Our new crape myrtle trees are now planted in our front yard, as well as the dwarf pomegranite shrub. I reluctantly agreed to permit the removal of our small cedar trees from the front garden, as they were getting too large for the space. They are now replaced with sage shrubs. I dislike uprooting plants which have not committed any offense. It always seems unfair to me. I find myself in the role of defense advocate--"but the tree hasn't done anything wrong!".

I'm still reading the book about John Wesley's American sojourn, a time in which he was still getting his sea legs, and frequently coming out all wet. I think it is a terrible burden to try to be a holy person. One momentone is calling a needed reform of society, and the next moment one is making a collosal error of judgment under the influence of one's own sanctity.

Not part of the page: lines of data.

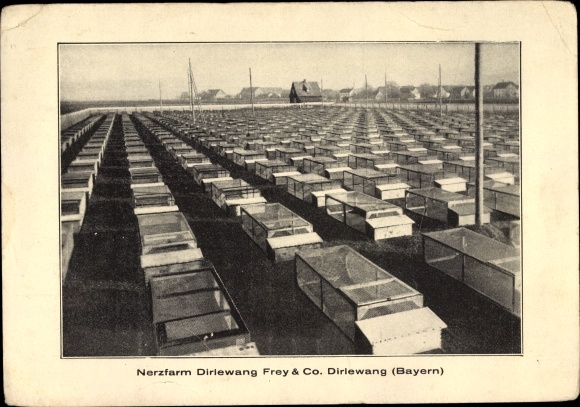 Postcard Dirlewang in the Lower Allgäu, mink farm Frey &amp; Co.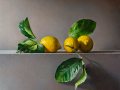Avance, Limoni - 2022 - olio su tavola cm 64x71 © Gianluca Corona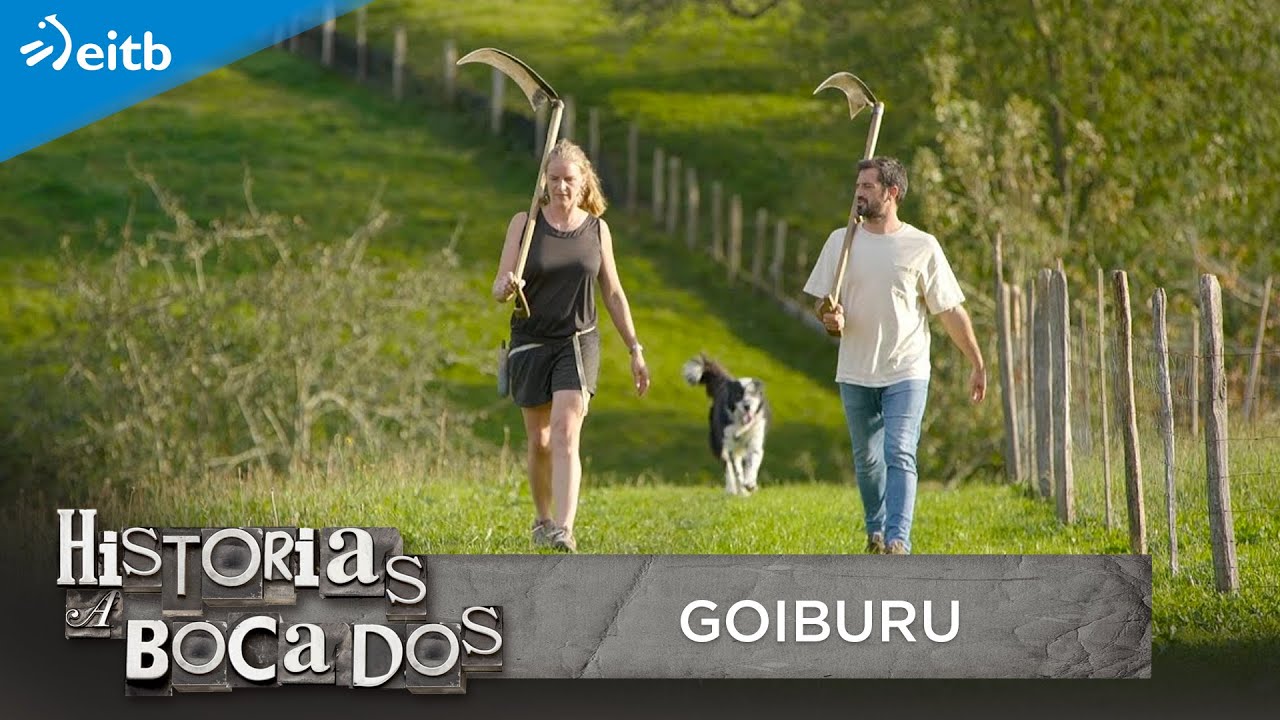HISTORIAS A BOCADOS: Goiburu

Lately I think about the related concepts of "glitch" and of the "theory of accident". The Wikipedia article on glitch points out that "[i]n electronics, a glitch is an electrical pulse of short duration that is usually the result of a fault or design error, particularly in a digital circuit". In electronic music, glitch has many different meanings, but it often describes a process of cutting up fragments of works in melding together a piece. Glitch can also refer to the intentional introduction or maintenance of recording errors in the work as aesthetic choice, or it can be a derogatory term referring to the unintentinoal introduction of such errors. Similarly, the "theory of musical accident" holds that error in the creation of the work is part of the experience of the work, and not something to necessarily be routinely edited from the work.

I'm not a musician, but I also see this theory applies in other contexts. I'm always quite willing, for my own part, to permit my weblog writing style to resemble my own rather wordy and enthusiastic mode of conversation rather than straitjacketing it into standard English. I often make errors I mean to correct, both in spelling and in grammar, and my usual journal post is edited a time or two after I initially hit post. I do permit myself grammatical and stylistic liberties in the journal as a kind of glitch--a perception on my part, whether insightful or not, that my writing style reflects my personality better than a more measured style might do.

I thought tonight about a number of assumptions and precepts I have about creative pursuits which are to my way of thinking analytically completely wrong and yet subjectively completely right for me. I'll set forth a few:

Rule One: "Any creative endeavor which requires non-typographic editing past the third or fourth draft
loses its creative vitality in the process".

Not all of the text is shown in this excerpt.